The Environmental Protection Agency (EPA) suffered another major defeat last Tuesday when an appeals court in Washington, DC, vacated an agency rule aimed at reducing sulfur dioxide and nitrogen oxide emissions from coal- and natural gas-fired power plants in 28 upwind states located primarily in the East and Texas.
More than a dozen states, industry groups, local government and labor groups challenged the August 2011 Cross-State Air Pollution Rule in the U.S. Court of Appeals for the District of Columbia, arguing that the EPA exceeded its statutory authority under the “good neighbor” provision, which requires upwind states to reduce only their own contributions to a downwind state’s nonattainment. The case was styled EME Homer City Generation LP, which owns and operates a coal-fired generation plant in Indiana County, PA, vs. the EPA [No. 11-1302]. EME is owned by Edison International.
“The EPA’s transport rule exceeds the agency’s statutory authority in two independent respects,” said the court opinion by Appellate Judge Brett Kavanaugh.

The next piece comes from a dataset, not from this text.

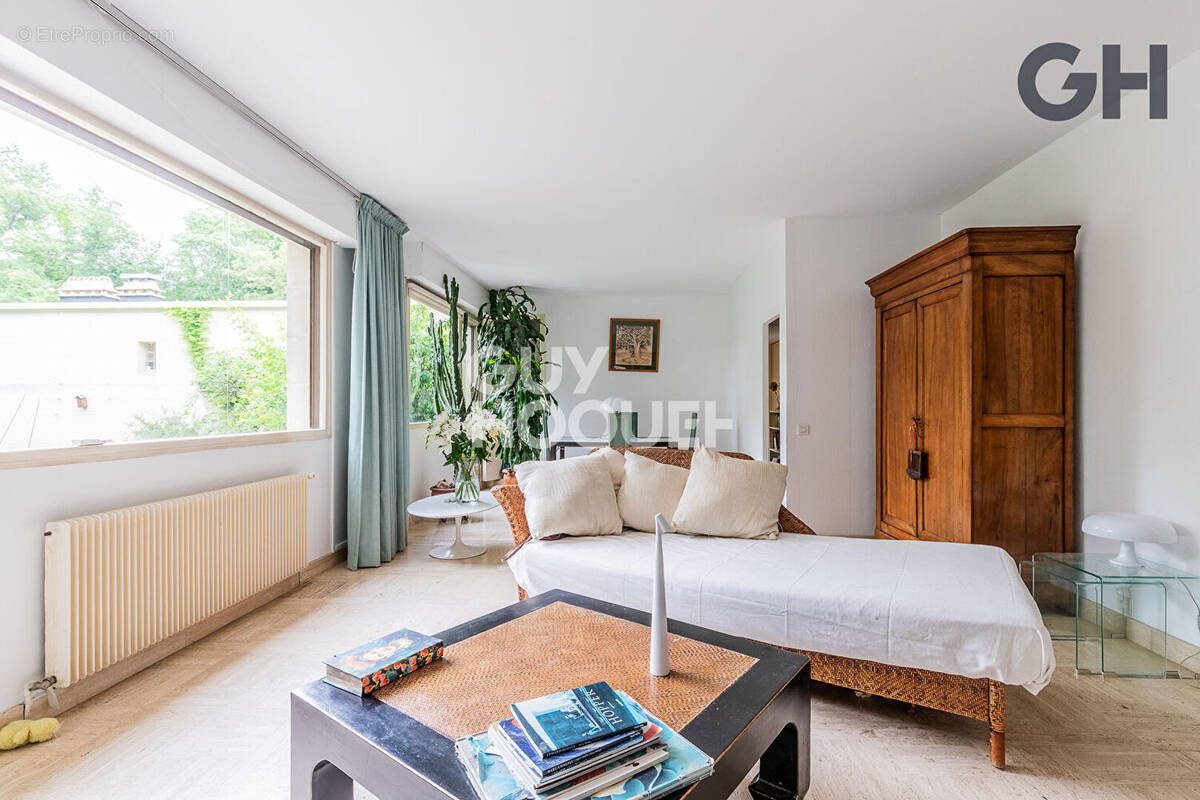 Appartement à ETIOLLES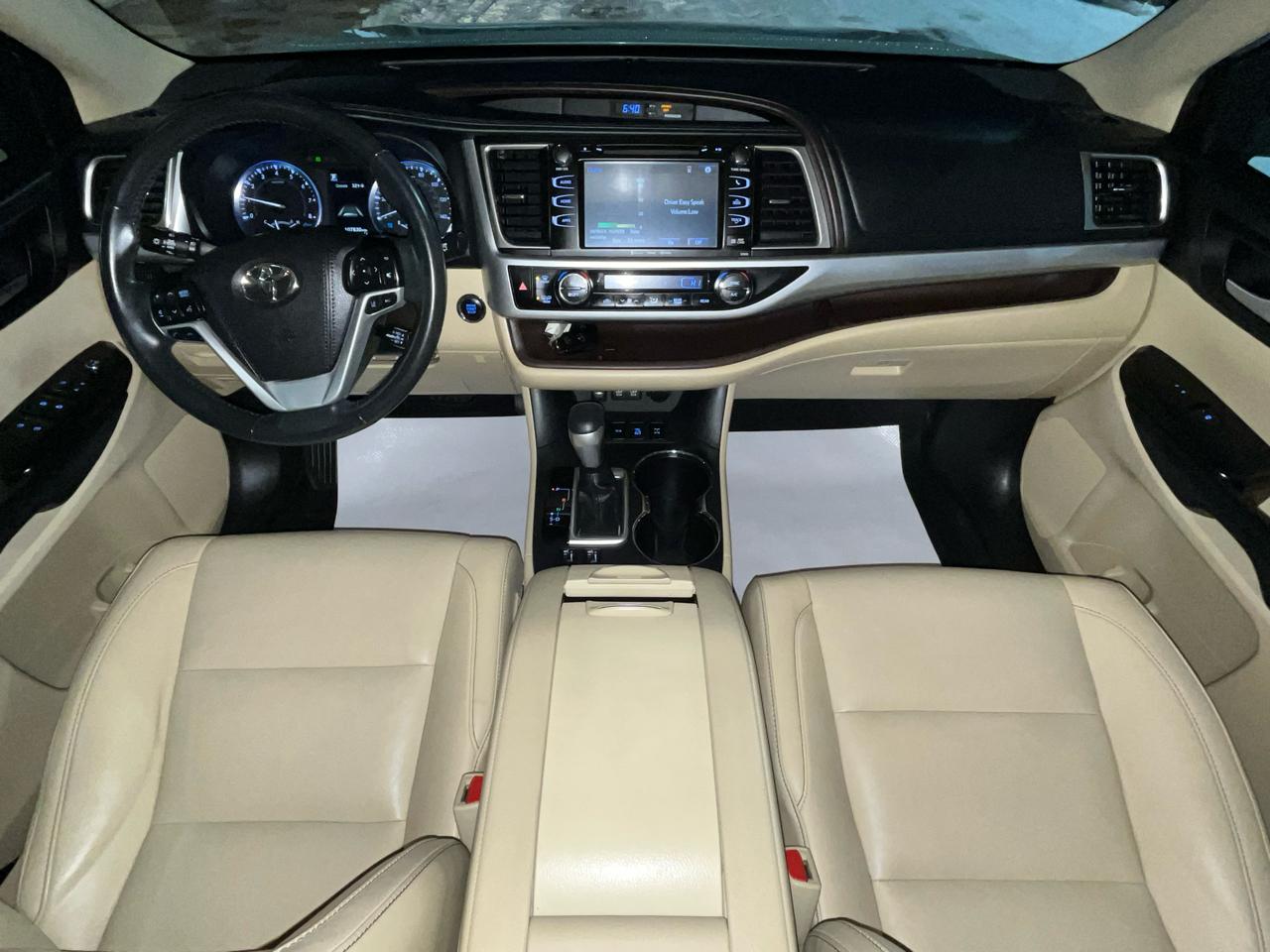 Toyota Highlander  2019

Kavanaugh and Judge Thomas B. Griffith voted in favor of vacating the EPA rule, while Judge Judith Rogers dissented. The court sent the rule back to be reviewed and directed the EPA to administer its existing Clean Air Interstate Rule in the meantime.
Congress granted the EPA authority to require upwind states to reduce only their own significant pollution contributions to a downwind state’s nonattainment. But under the EPA’s transport rule, the court said upwind states could be required to reduce emissions by more than their own emission contributions to a downwind state’s nonattainment.
“EPA has used the ‘good neighbor’ provision to impose massive emissions-reduction requirements on upwind states without regard to the limits imposed by the statutory text,” the court said.
It further said the EPA rule violated the Clean Air Act (CAA), which gives states the initial opportunity to implement the required reductions with respect to pollution sources within their borders.
The court’s decision “should not be interpreted as a comment on the wisdom or policy merits of EPA’s transport rule. It is not our job to set environmental policy. Our limited but important role is to independently ensure that the agency stays within the boundaries Congress has set. EPA did not do so here.”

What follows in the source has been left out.